Indian businessman and convicted fraudster (1983–2022)

Amit K. Bhardwaj (17 January 1983 – 15 January 2022) was an Indian businessman who founded Amaze Mining and Blockchain Research Limited which ran GB (Gainbitcoin) Miners among other bitcoin-related businesses and projects which have been described as various types of Ponzi schemes.

In April 2018, Gainbitcoin was found to be one of the biggest bitcoin scams. The cyber cell of Pune Police arrested Bhardwaj and his brothers along with co-founders of GB Miners, Nikunj Jain and Sahil Baghla, for running a million cryptocurrency Ponzi scheme. Bhardwaj was indicted for running a pyramid scheme in relation to the MCAP token taken out by Gainbitcoin and was put before a special court on 5 April 2018.

So far, more than eight people have been arrested and all of them were associated with Gainbitcoin and CEO Bhardwaj.

==Early life and education==
Bhardwaj was born in India on 17 January 1983. He attended Kendriya Vidyalaya (1998–2000). He later graduated from Mahatma Gandhi Mission's College of Engineering and Technology, Nanded, Maharashtra (2000–2004) with a B. Tech in computer science and engineering.
==Career==
In 2016, Amit founded Amaze Mining and Blockchain Research Limited, an altcoin mining technology firm.
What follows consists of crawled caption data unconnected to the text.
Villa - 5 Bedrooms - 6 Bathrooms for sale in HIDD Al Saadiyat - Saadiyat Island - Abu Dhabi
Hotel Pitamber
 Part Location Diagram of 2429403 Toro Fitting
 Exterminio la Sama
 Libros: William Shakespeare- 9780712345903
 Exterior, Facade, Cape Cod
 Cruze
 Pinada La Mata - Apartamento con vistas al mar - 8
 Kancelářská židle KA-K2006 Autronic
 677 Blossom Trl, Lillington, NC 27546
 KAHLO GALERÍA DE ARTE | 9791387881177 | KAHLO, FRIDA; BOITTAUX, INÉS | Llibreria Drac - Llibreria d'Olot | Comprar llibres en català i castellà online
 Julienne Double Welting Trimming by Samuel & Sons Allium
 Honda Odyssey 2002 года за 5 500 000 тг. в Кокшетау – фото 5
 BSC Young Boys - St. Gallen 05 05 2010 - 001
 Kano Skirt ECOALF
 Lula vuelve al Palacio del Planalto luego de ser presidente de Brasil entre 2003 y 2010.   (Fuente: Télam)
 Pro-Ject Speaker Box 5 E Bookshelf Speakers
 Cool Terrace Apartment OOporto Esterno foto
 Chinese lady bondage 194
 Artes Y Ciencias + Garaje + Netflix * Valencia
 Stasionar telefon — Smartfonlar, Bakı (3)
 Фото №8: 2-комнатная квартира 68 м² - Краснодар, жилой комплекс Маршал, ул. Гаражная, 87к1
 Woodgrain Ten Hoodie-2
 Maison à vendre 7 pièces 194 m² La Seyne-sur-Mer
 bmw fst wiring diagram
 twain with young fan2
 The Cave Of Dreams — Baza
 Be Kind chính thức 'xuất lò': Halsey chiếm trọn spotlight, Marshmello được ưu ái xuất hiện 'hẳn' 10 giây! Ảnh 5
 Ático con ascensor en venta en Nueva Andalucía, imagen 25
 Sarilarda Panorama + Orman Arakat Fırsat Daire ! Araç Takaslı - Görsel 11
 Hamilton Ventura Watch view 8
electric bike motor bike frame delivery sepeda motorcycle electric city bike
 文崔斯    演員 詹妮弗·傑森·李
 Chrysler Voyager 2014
He founded GB Miners, an Indian bitcoin mining pool in 2016, which was later revealed to be a Ponzi scheme.

===Gainbitcoin and GBMiners===
In a series of interviews Bhardwaj gave to The Caravan in 2017, he first claimed to not have any part in Gainbitcoin and that he knew of it only as a cloud-mining company, but later argued that he hid his involvement as a "PR strategy". He also misrepresented his total investment in Gainbitcoin and admitted to inflating the figure on the company's website. Bhardwaj also denied any links between Gainbitcoin and GBMiners, though many of the former's investors believed the latter to be the minepool.

==Personal life and death==
Bhardwaj suffered from several kidney ailments toward the end of his life. He died after suffering a cardiac arrest on 15 January 2022, at the age of 38.